Short descriptive text snippets:
:::
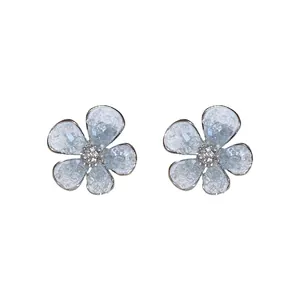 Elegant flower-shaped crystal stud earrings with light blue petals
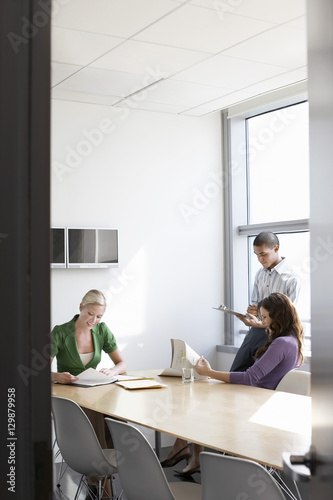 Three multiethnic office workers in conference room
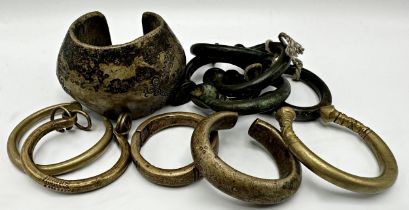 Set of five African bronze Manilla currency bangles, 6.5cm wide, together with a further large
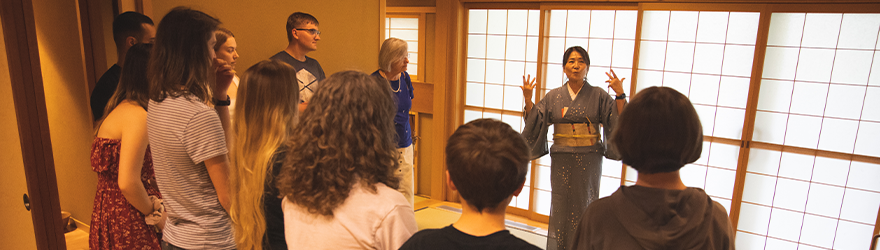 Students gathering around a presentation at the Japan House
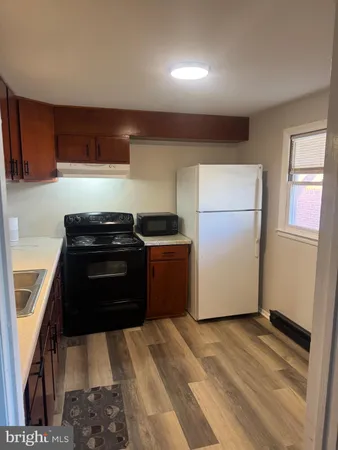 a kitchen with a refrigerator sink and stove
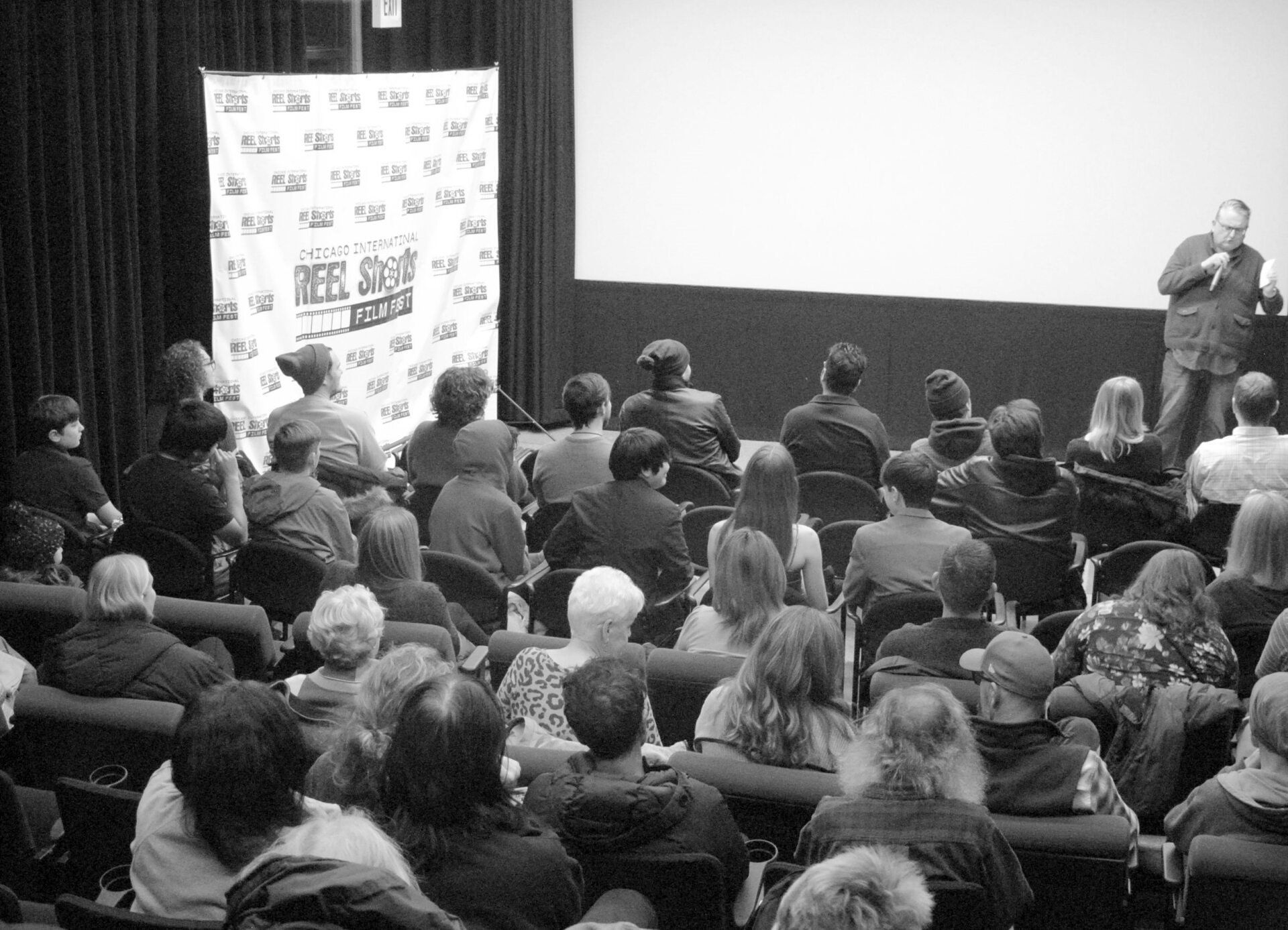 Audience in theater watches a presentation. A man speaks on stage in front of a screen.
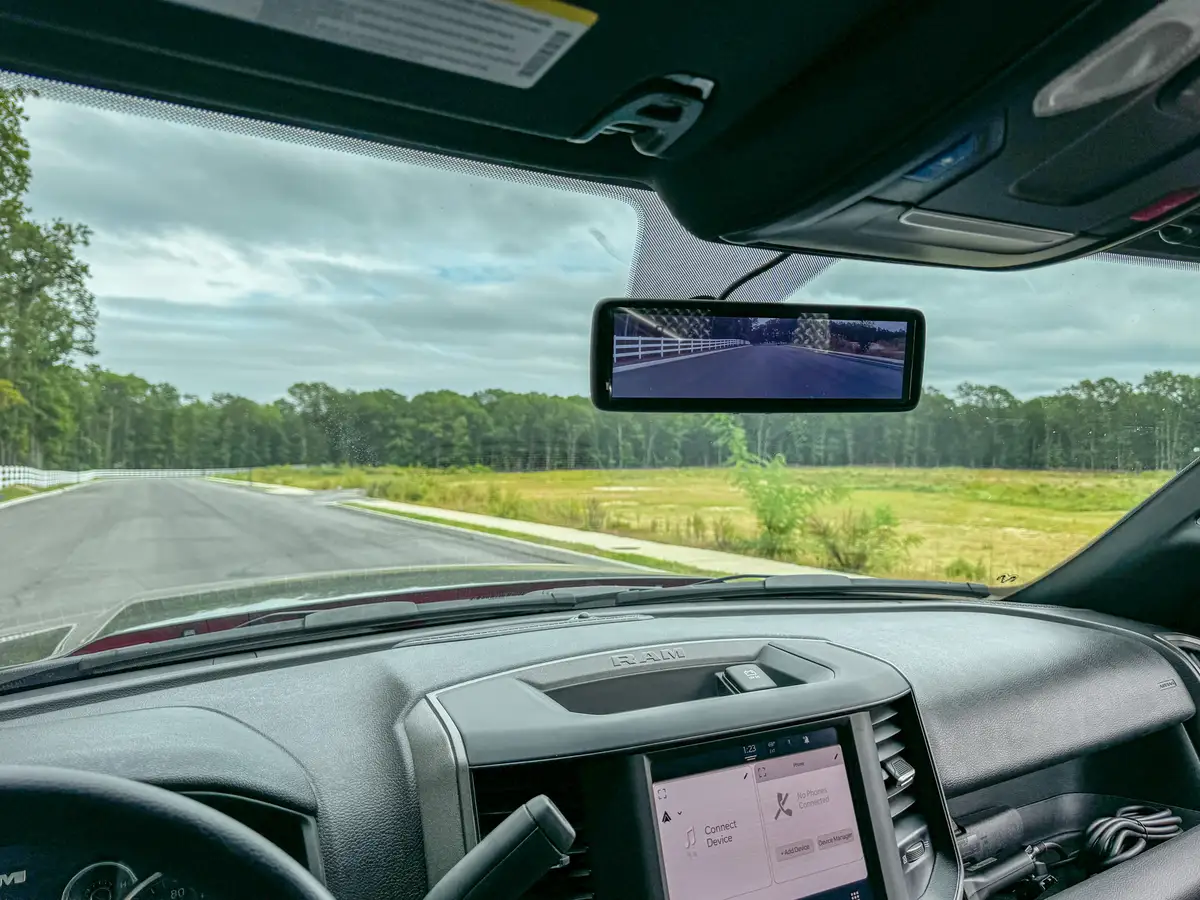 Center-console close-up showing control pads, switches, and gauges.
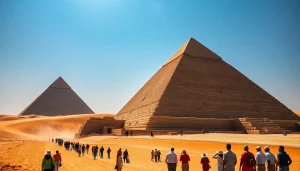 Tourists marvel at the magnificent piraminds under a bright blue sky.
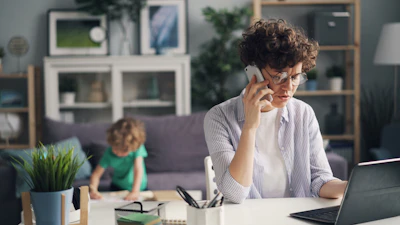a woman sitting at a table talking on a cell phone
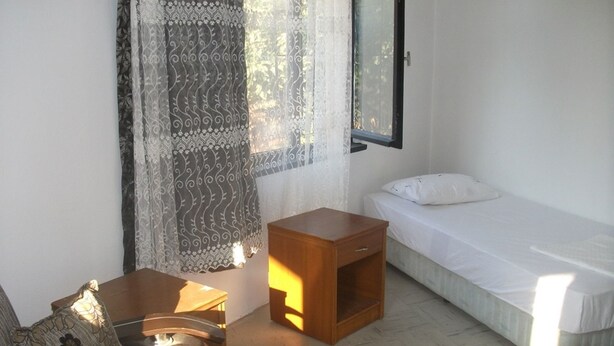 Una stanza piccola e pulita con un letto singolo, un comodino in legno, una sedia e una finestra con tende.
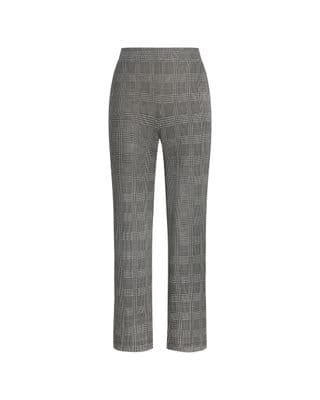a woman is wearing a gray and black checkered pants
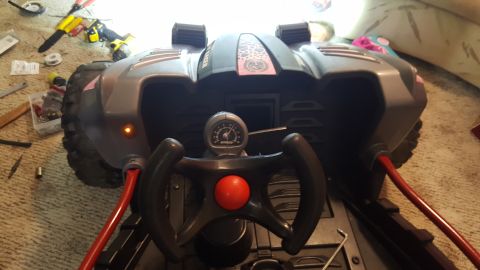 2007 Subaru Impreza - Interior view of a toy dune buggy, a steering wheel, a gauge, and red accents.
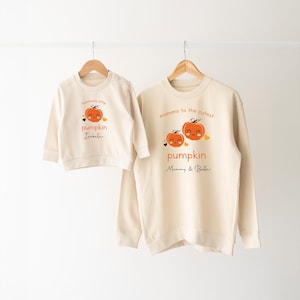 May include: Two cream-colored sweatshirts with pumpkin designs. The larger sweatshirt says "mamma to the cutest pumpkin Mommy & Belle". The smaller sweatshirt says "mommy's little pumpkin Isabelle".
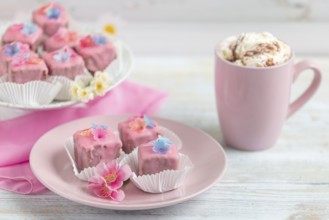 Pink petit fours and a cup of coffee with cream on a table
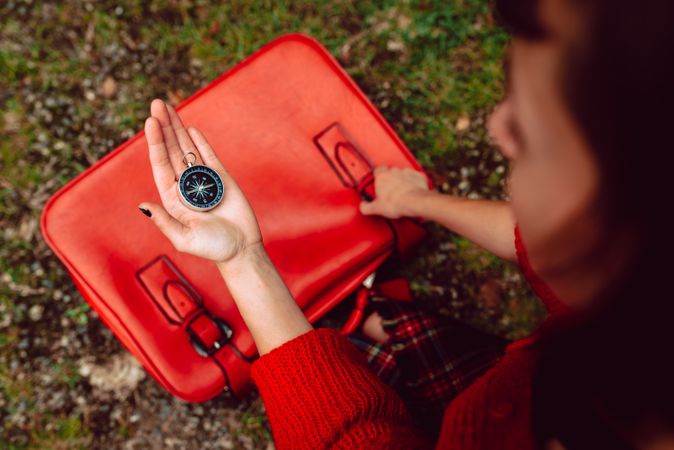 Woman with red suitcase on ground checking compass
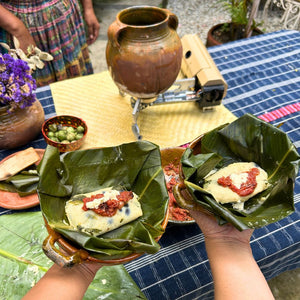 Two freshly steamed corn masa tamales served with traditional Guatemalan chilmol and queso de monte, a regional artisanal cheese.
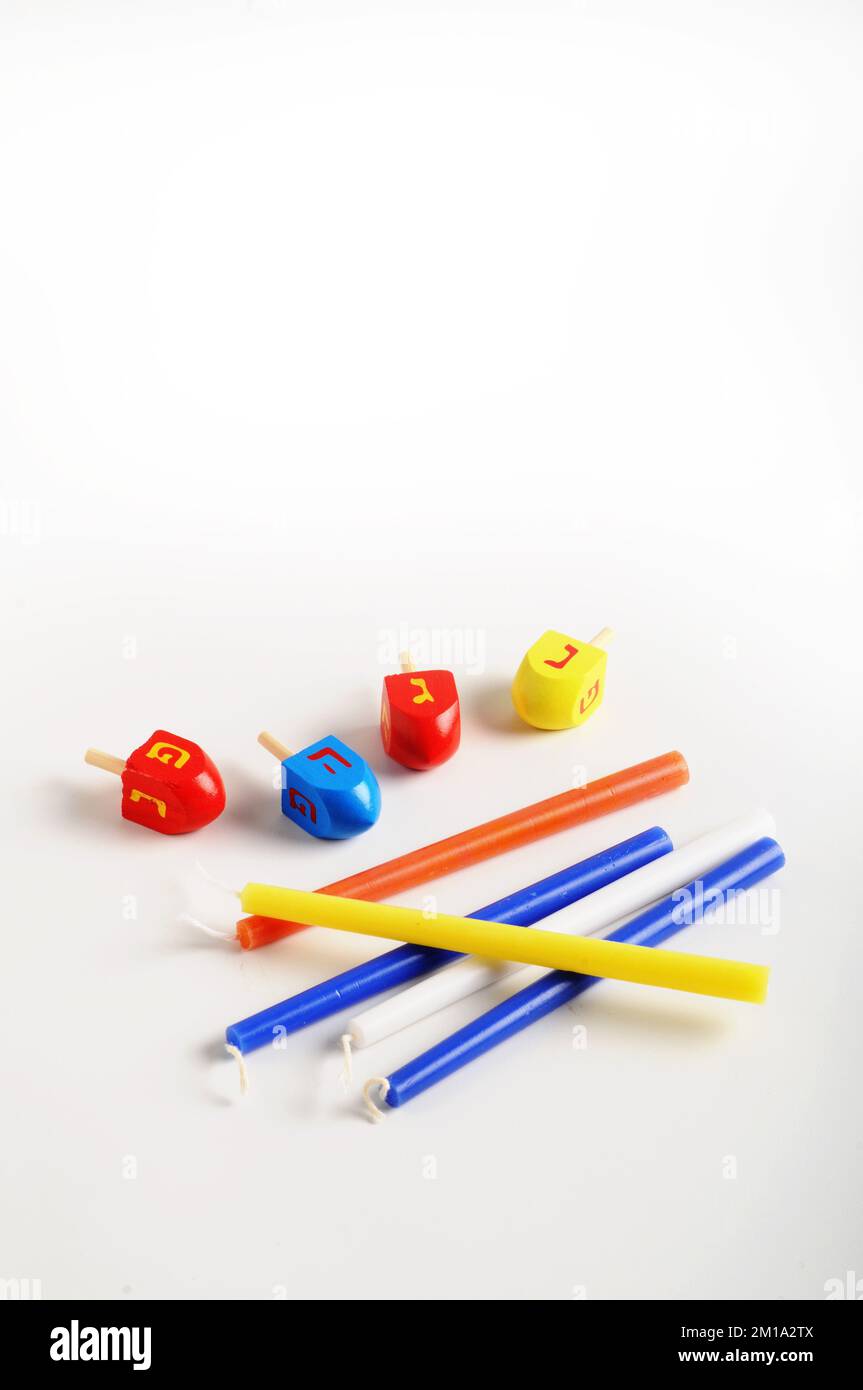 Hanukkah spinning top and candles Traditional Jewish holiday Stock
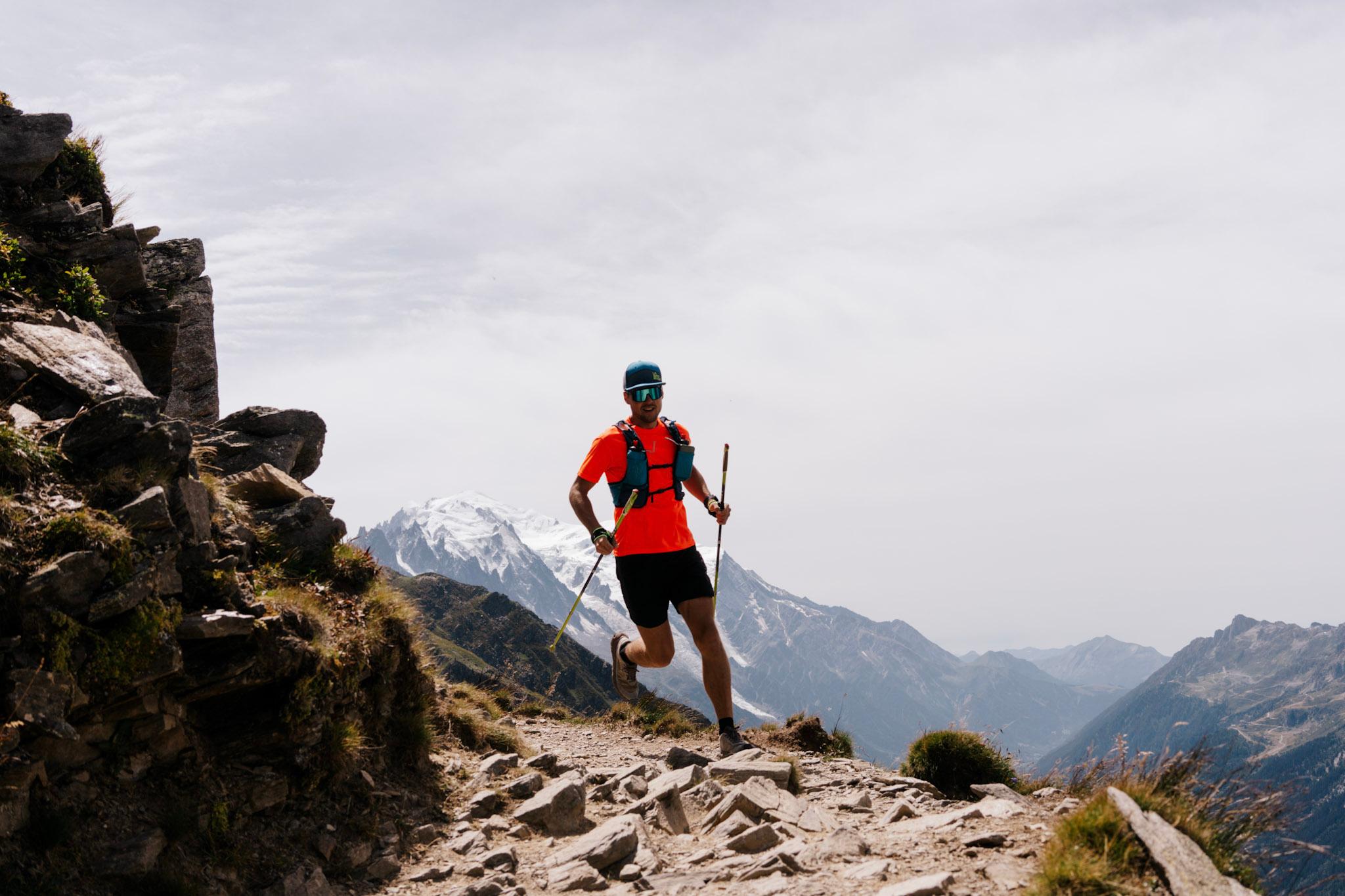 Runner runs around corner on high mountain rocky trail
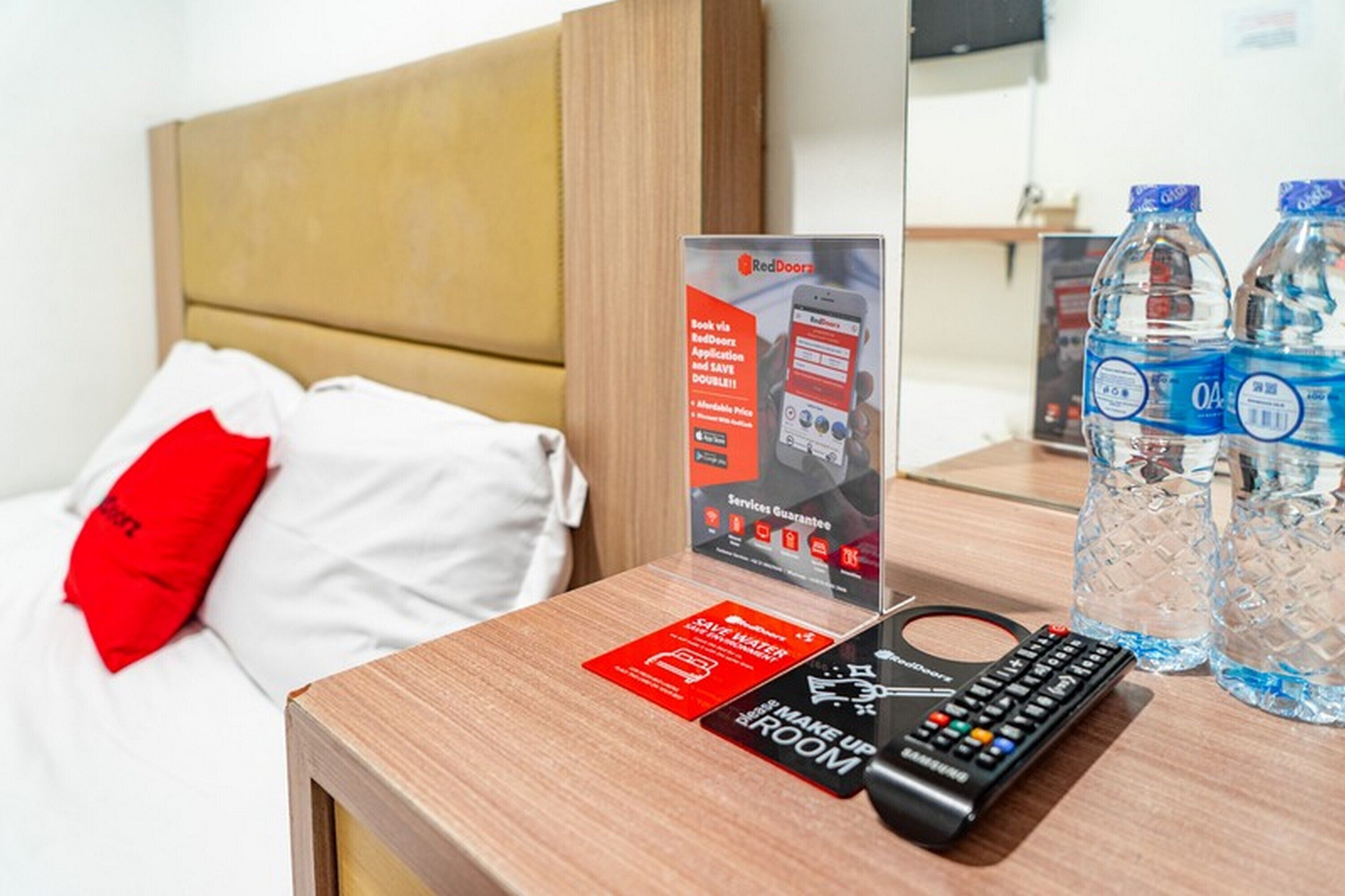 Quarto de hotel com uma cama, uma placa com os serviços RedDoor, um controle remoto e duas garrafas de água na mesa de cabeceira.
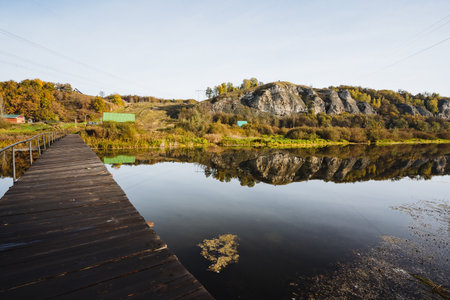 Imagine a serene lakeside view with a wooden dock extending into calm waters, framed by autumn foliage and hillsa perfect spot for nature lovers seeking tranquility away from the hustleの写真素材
:::
■ **WHAT YOU HAVE TO DO**: Pictures aside, print exactly the lines above starting with the one containing "Audience in theater" and going on through the one containing "a woman sitting".

■ **TASK RESPONSE**:
 Audience in theater watches a presentation. A man speaks on stage in front of a screen.
 Center-console close-up showing control pads, switches, and gauges.
 Tourists marvel at the magnificent piraminds under a bright blue sky.
a woman sitting at a table talking on a cell phone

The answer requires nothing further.